Dedicated to pre-19th-century art, the Gallerie dell’Accademia is one of Venice’s most famous art museums. It’s situated on the Grand Canal's southern bank and originally served as the gallery of the Accademia di Belle Arti di Venezia until the art school was relocated to the Ospedale degli Incurabili in 2004.
The Gallerie dell’Accademia is situated at the prestigious Scuola Grande de Santa Maria della Carità (the oldest of the six Scuole Grandi) within a building that dates to 1343. The complex includes the church of Santa Maria and the monastery of the Canonici Lateranensi, which Andrea Palladio built. Bartolome Bon completed the impressive facade of Santa Maria della Carità in 1441.

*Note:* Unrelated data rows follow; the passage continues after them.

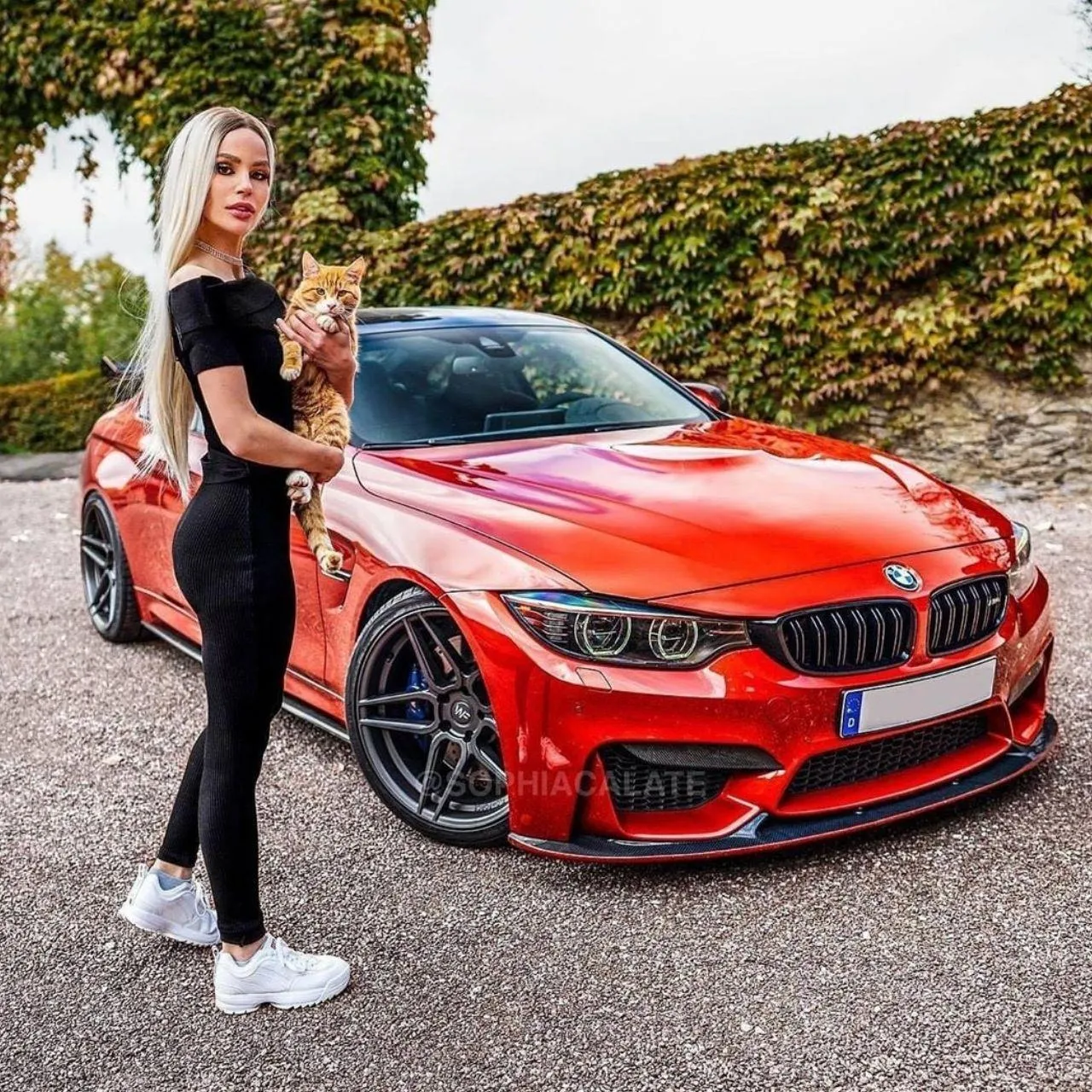 Woman with Red Bmw Parked Near Hedge and Holding a Cat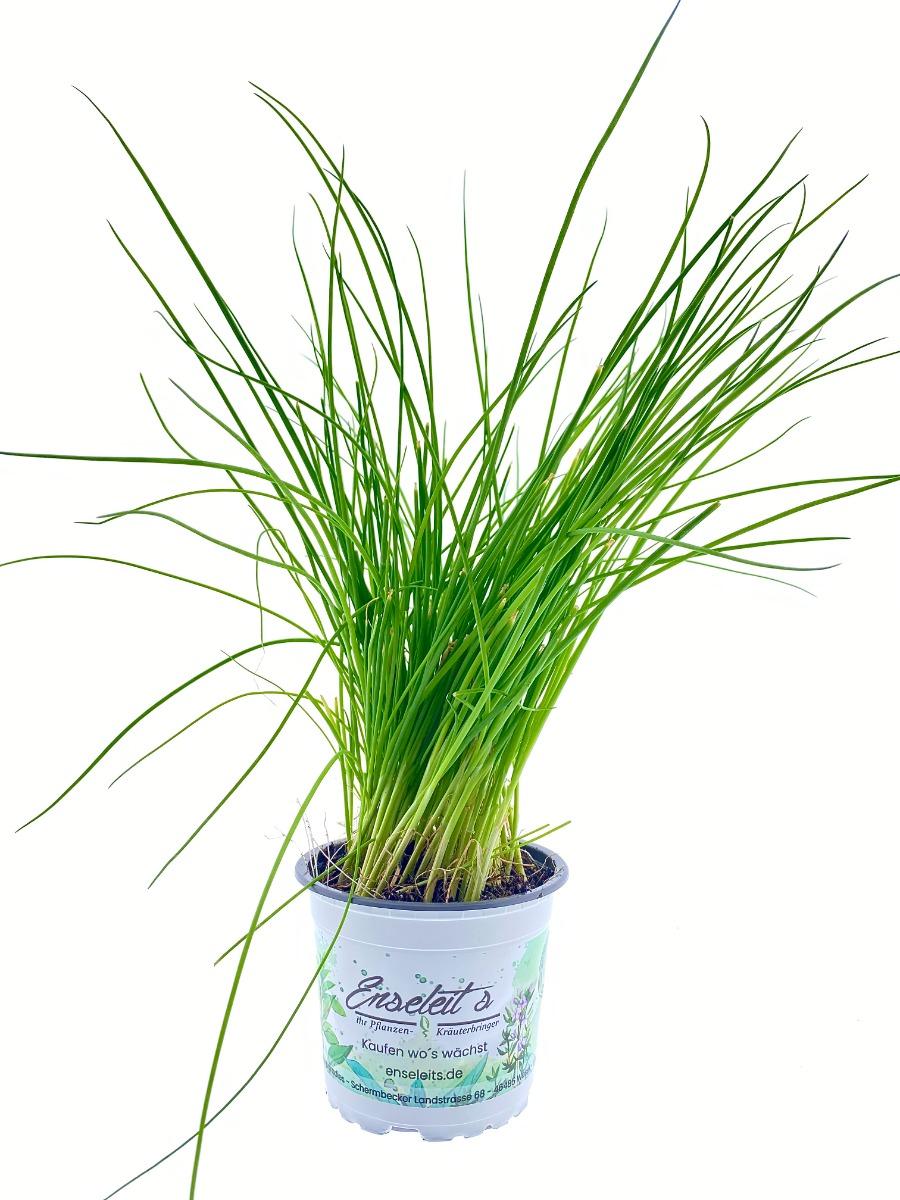 Gaertnerei Enseleit Enseleits Lauchzwiebel (Allium Fistulosum)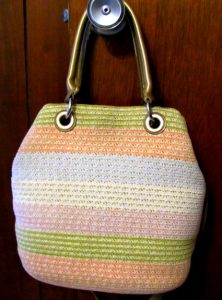 What's in your purse series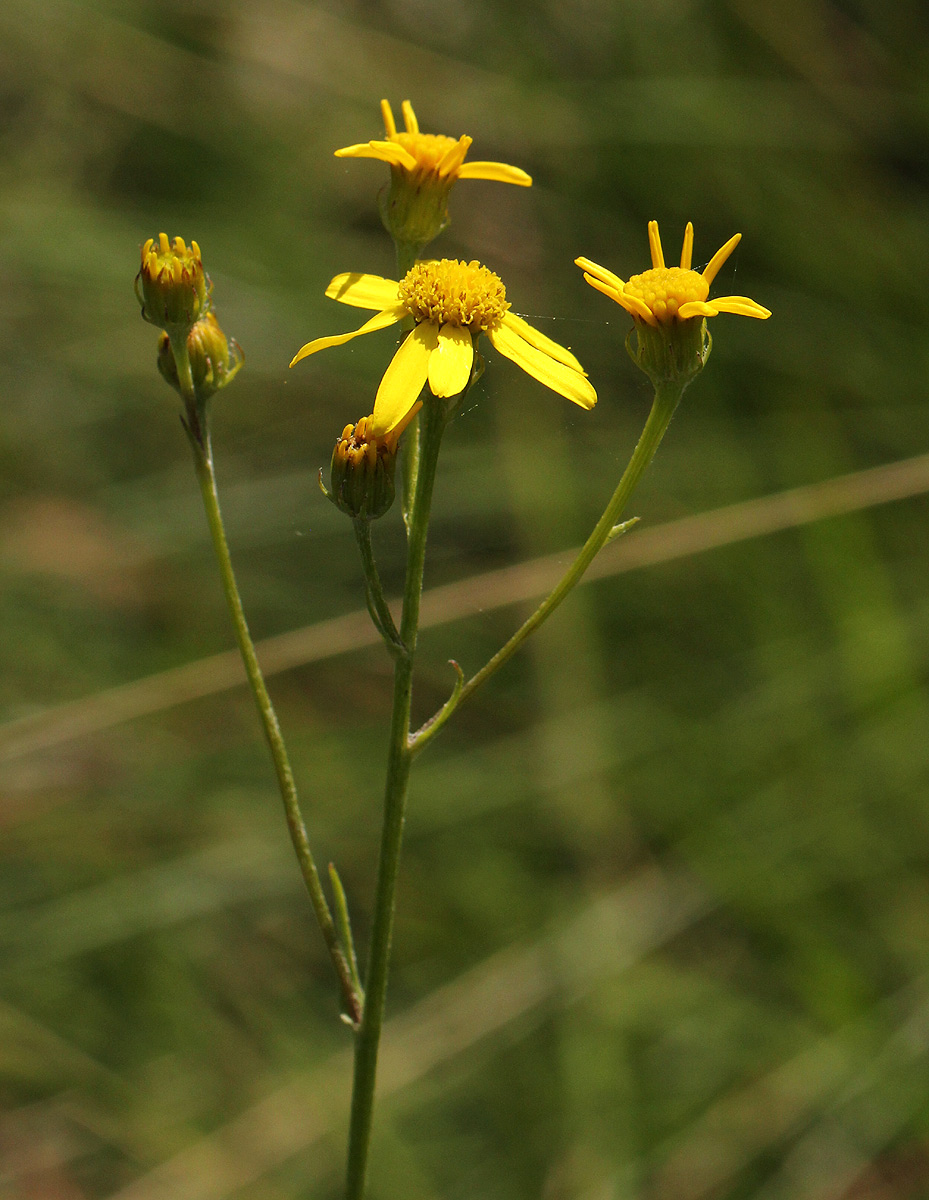 Senecio propior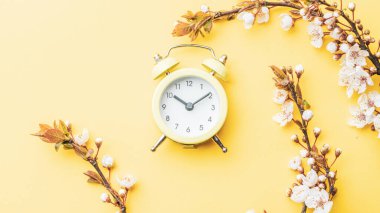 Çiçek açan bahar sarısı ve çiçek açan ağaçlı Nisan çiçekli güzel bir sahne, çalar saat. Paskalya güneşli bir gün. Meyve bahçesi arkaplanı bulanık. İlkbahar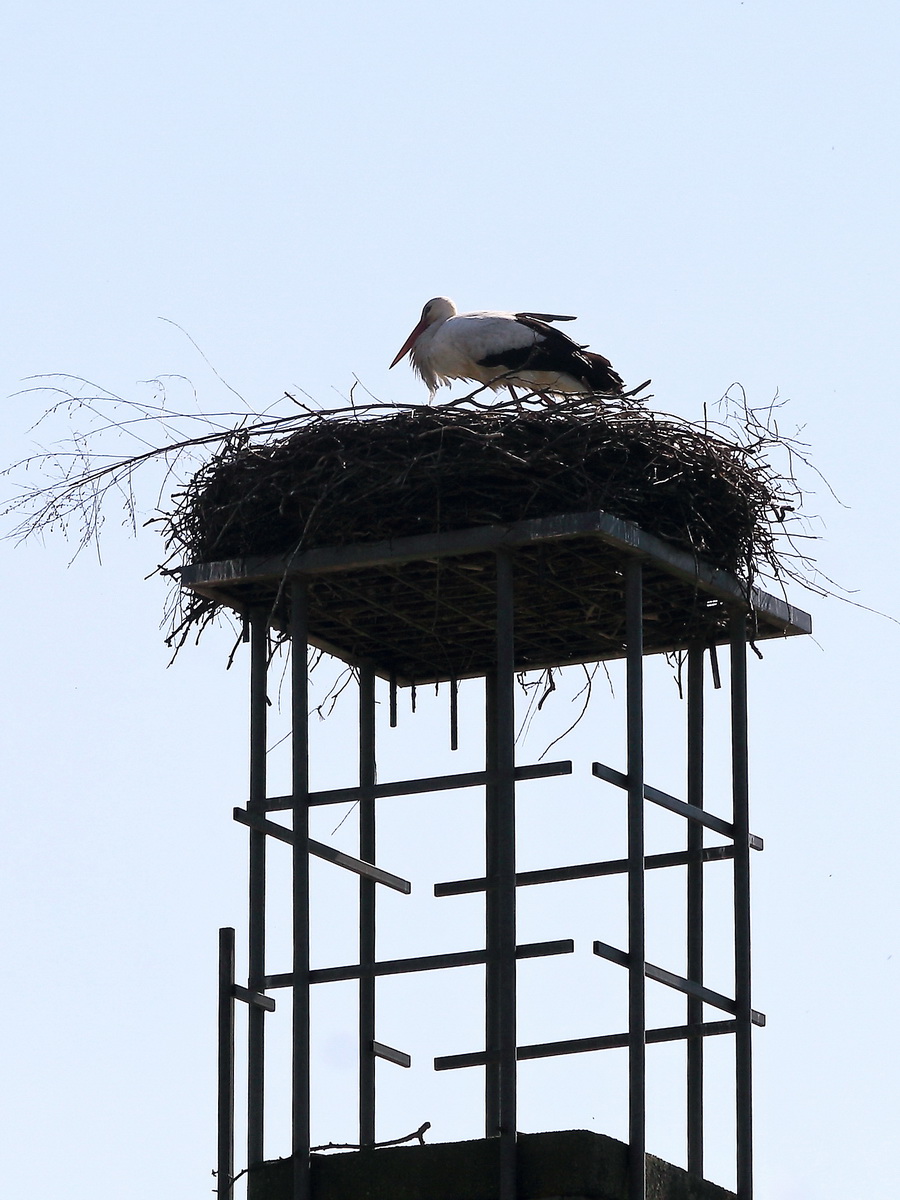 In Wamannsdorf nahe Berlin ist mal wieder ein Storch zu sehen, hier am 12. April 2020.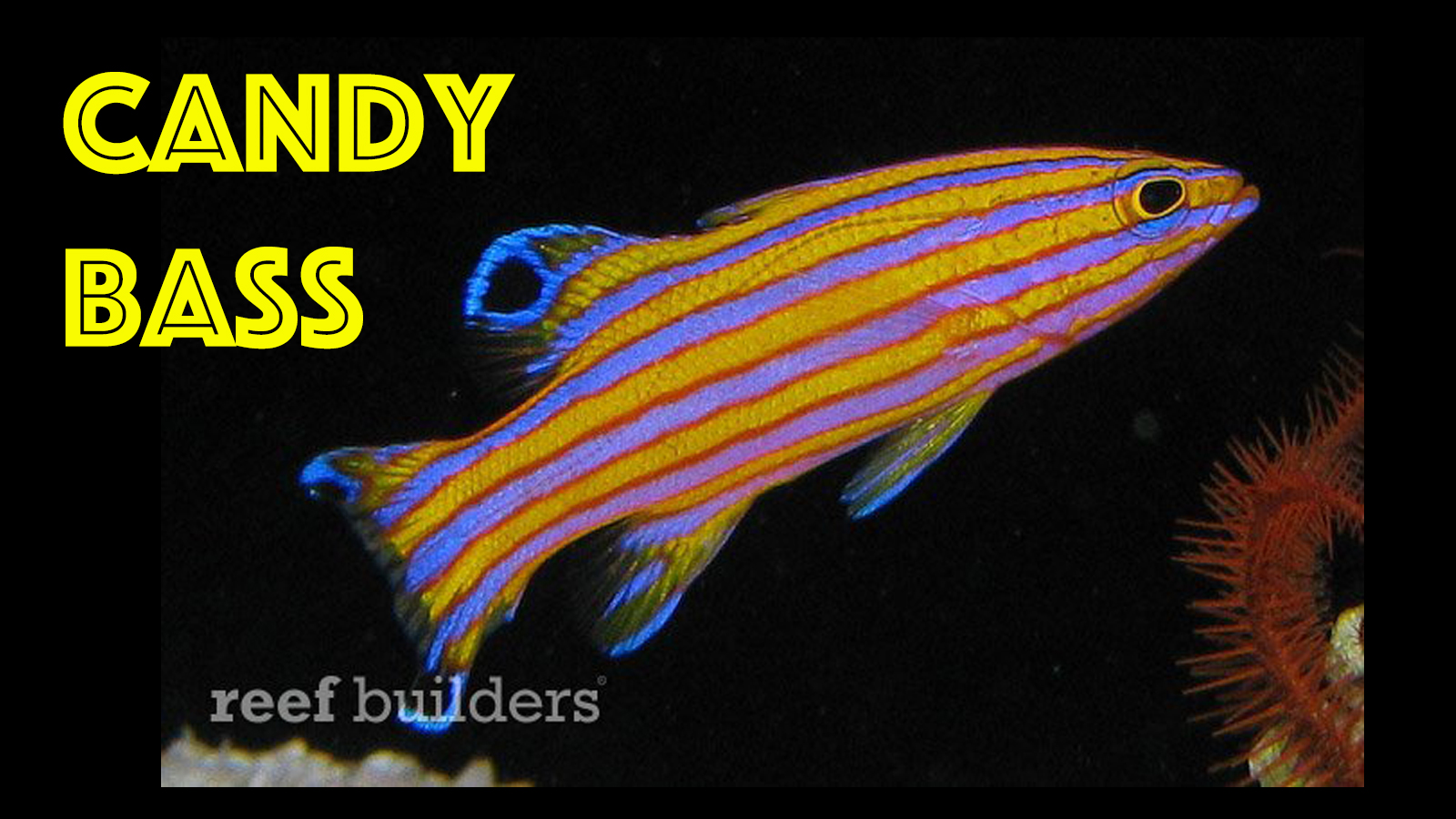 thumbnail-candy-basslet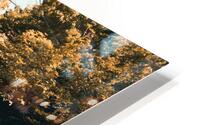 Garden Table HD Metal print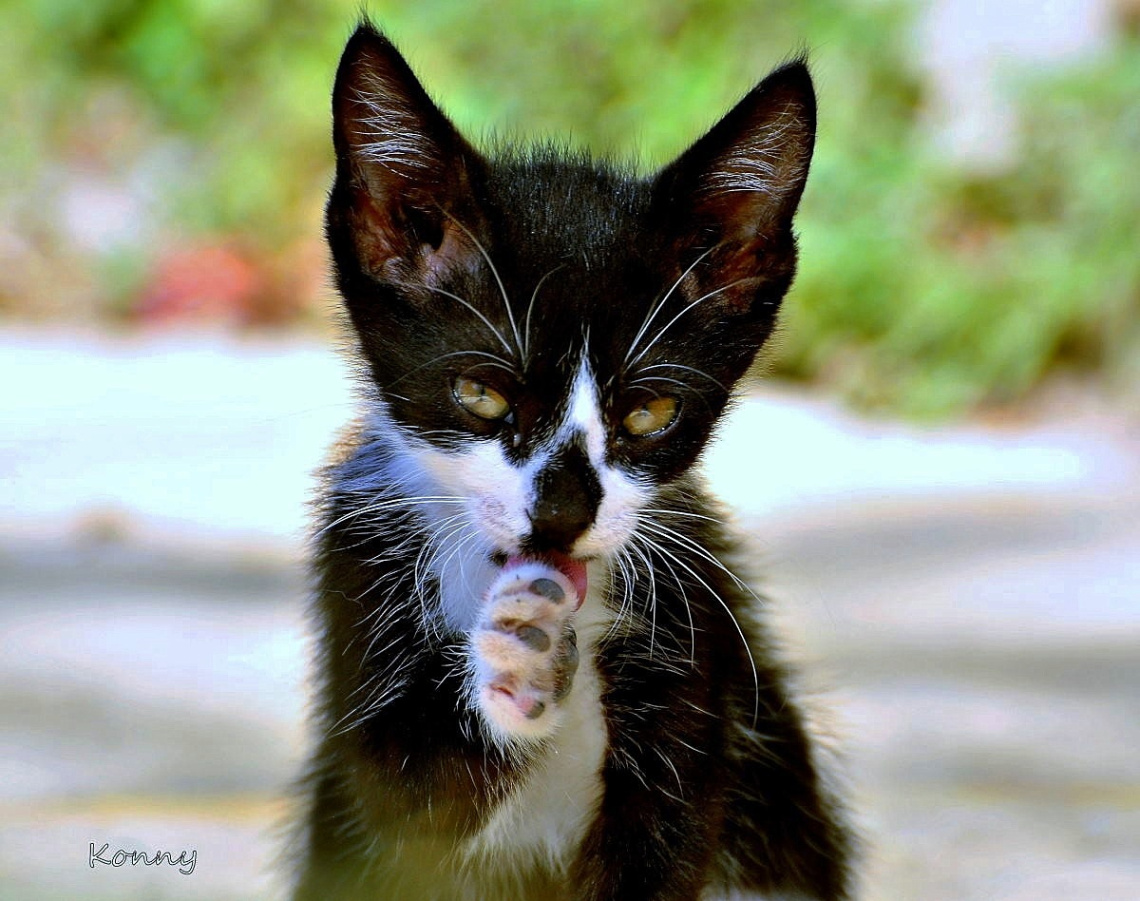 Cats wash .. :))))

Today the Gallerie dell’Accademia boasts the most comprehensive collection of 15th to 18th-century Venetian paintings in the world, with many of its pieces brought here from monasteries, churches, and palaces of the nobility. The collection has been arranged chronologically, providing an interesting look at the evolution of Venetian styles and comparisons between contemporaries' works.
The first gallery is dedicated to Venetian Gothic painting and of particular note, with its richly carved and gilded ceiling dating to the 15th century. Highlights of the gallery include “Madonna and Saints” by Giovanni Bellini, “St. John the Baptist” by Titian”, Tintoretto’s “The Miracle of St. Mark” and “St. Ursula” by Vittore Carpaccio. There are also works by Antonello da Messina, Francesco Guardi and Lorenzo Lotto, together with the “Drawing of Vitruvian Man” by Leonardo da Vinci.